It’s that time of the month again and all eyes will be on the latest jobs report out of the United States on Friday at 12:30 GMT. The May figures are expected to be somewhat softer from April but no doubt still indicative of a strong economy. However, with markets strongly convinced that the Fed will have to cut rates soon, the jobs data is unlikely to alter those expectations unless there are big surprises in the data.
With some early signs that the US economy could be headed for a slowdown as the worsening trade dispute starts to bite into business confidence, the labour market so far remains very tight. But despite the decades-low unemployment rate, wage growth has been disappointingly tepid, keeping a lid on inflationary pressures.
Fewer jobs likely added in May
The May report is expected to underline this picture. Nonfarm payrolls are forecast to have risen by 185k in May, easing from the prior number of 263k. Anything above 100k is seen as consistent with jobs growth keeping up with population growth, meaning alarm bells won’t be ringing about the labour market until the headline figure drops below this benchmark.
The jobless rate is forecast to stay unchanged at the 49-year low of 3.6%. More significantly, average hourly earnings are expected to have increased by 0.3% month-on-month, which would keep the annual rate at 3.2%. Wage growth has eased slightly from the decade-high of 3.4% y/y reached in February in a setback for policymakers who were hoping a healthy jobs market would fuel pay increases, which in turn would drive consumer prices higher.
Moderate wage growth a concern for the Fed
A further easing in wage growth would be a major worry for the Fed given that the central bank’s favoured inflation gauge, the core PCE price index, is already running uncomfortably below the 2% target; it stood at 1.6% y/y in April. Some would argue that alone gives the Fed a strong case to lower borrowing costs even before there’s been a notable impact from the brewing trade tensions.
Markets have clearly made up their minds, though, as Fed fund futures are pointing to as much as three 25-bps rate cuts over the next 12 months.
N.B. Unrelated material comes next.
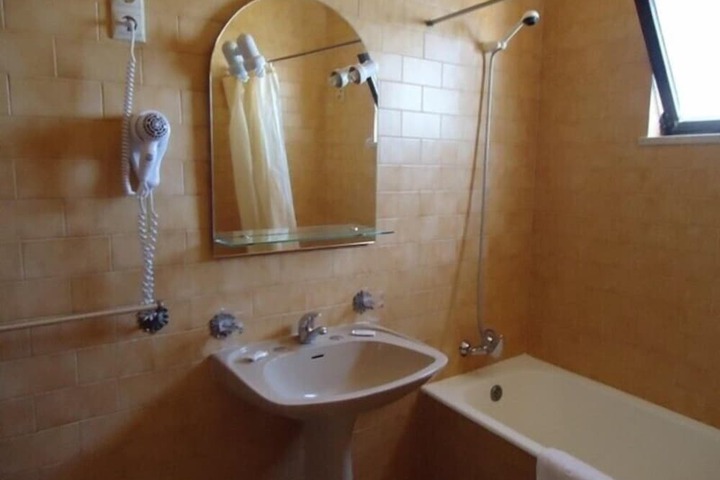 Room 15 of 37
That’s been enough to send Treasury yields spiraling downwards and the US dollar losing its safe-haven allure to plunge against its major peers.
Dollar seeks support, looking for a rebound
At the moment, USD/JPY has found support at the 61.8% Fibonacci retracement of the 104.96-112.39 up-leg at 107.80. Should a weaker-than-expected jobs report pull USD/JPY below this level, the next support could arrive at the 78.6% Fibonacci at 106.55.
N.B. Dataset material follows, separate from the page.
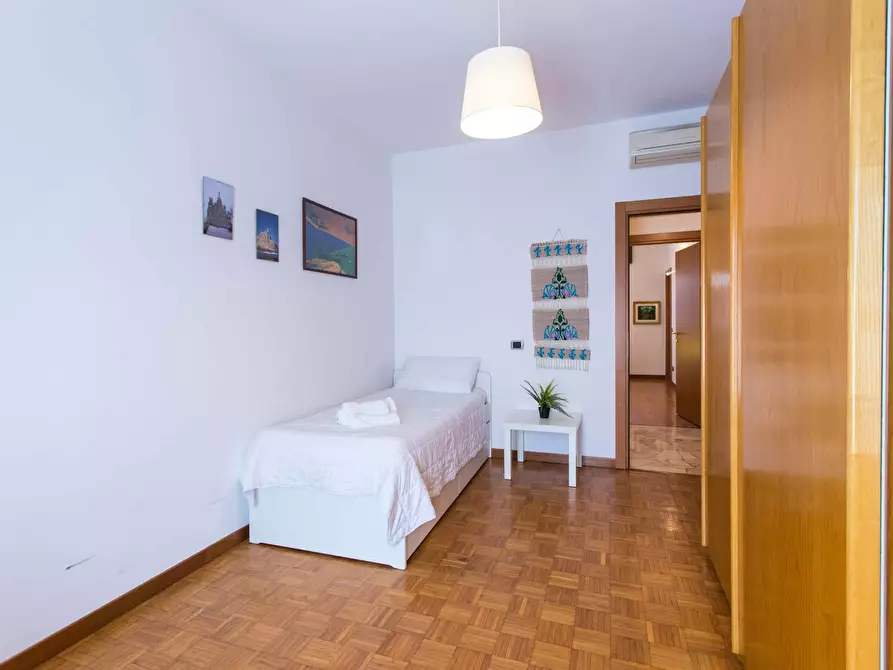 Immagine 17 di Appartamento in affitto  in Via Luigi Settembrini a Milano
However, if the payrolls data impresses, giving the Fed reason to remain patient, the bulls could see grounds for a rebound. A possible important resistance level to overcome that could help ease the selling pressure is the 23.6% Fibonacci at 110.64, which is near the 50-day moving average.
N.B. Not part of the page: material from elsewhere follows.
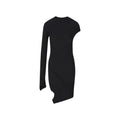 Robe de cocktail noire en polyester de la marque Balenciaga, élégante et sophistiquée, portée avec détail visible.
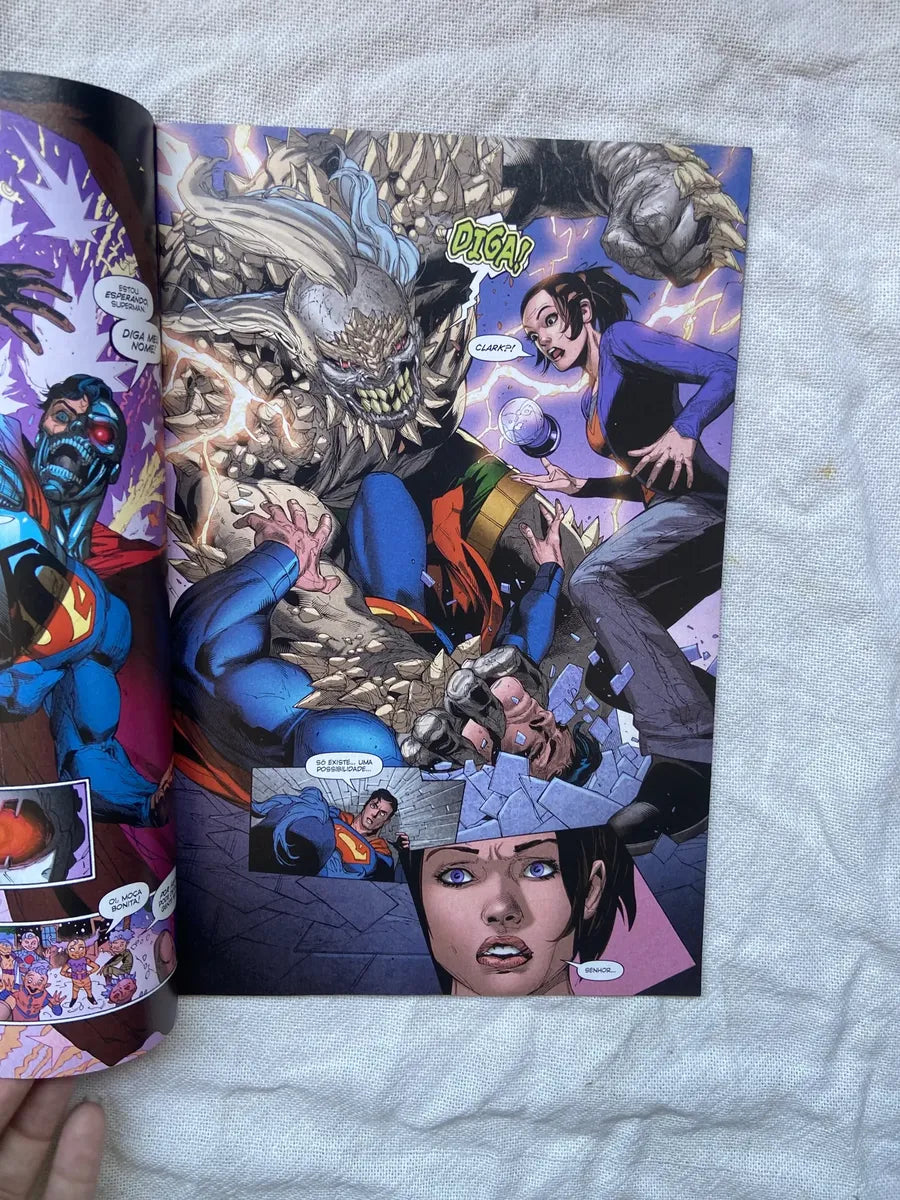 Gibi Superman Remascido Action Comics Número 10 (Usado)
Traders may be cautious ahead of June Fed meeting
But with the next FOMC meeting about two weeks away, market reaction to the NFP report may be muted and investors will probably be paying more attention to what Fed officials will be signaling in their remarks in the coming days ahead of the blackout period before the meeting.
St. Louis Fed President James Bullard became the first voting FOMC member to suggest the Fed should cut rates if the trade uncertainty causes a sharper-than-expected slowdown in growth. Fed Chairman Jerome Powell gave less away when he spoke on Tuesday. However, he did indicate the Fed was ready to act “as appropriate” to the growing risks to the economy, potentially opening the way for a rate cut.